Tuesday, December 14, 2010

Africanized Bees Update

Press Release from Georgia Department of Agriculture

Two additional colonies of Africanized bees have been found in Georgia near the area where a man died from an attack. The colonies were destroyed immediately. Entomological tests confirmed that Africanized honeybees were responsible for the death the elderly Dougherty County man in October. It was the first record of the strain in Georgia.

Since then, the Georgia Department of Agriculture has been monitoring bee swarms, trapping and testing suspect bees. Testing of more than 90 samples identified two more colonies in the southern half of the state near the first confirmed colony.

“It is unclear how Africanized honeybees arrived in Dougherty County,” said Agriculture Commissioner Tommy Irvin. “The bees could have come from almost anywhere.”

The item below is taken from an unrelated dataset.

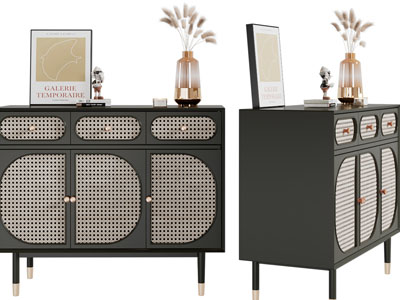 侘寂风玄关柜边柜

Africanized bee swarms are occasionally found on cargo ships coming from South or Central America. A container from one of these ships could have been transported via rail or truck from almost any seaport. Some beekeepers from other states winter their bees in Georgia. Some commercial beekeepers that produce honey or pollinate crops move their bees to California, Florida, Texas and other states where Africanized honeybees are established. Finally, a beekeeper in the area could have purchased bees or queens that had African genes from a commercial beekeeper in another state.

“The important thing to keep in mind,” says Irvin, “is that other states and countries have learned to live with Africanized honeybees. “We need to move beyond the hype of ‘killer bees’. Just as we have learned to live with fire ants, we will learn to take certain precautions when in areas where Africanized bees may be established.”

Both the Georgia Department of Agriculture and the University of Georgia stress that beekeepers are the best defense Georgians have against Africanized honeybees. Without responsible beekeepers managing hives in the area, the density of docile European bees will decrease, leaving that area open to infestation by Africanized bees.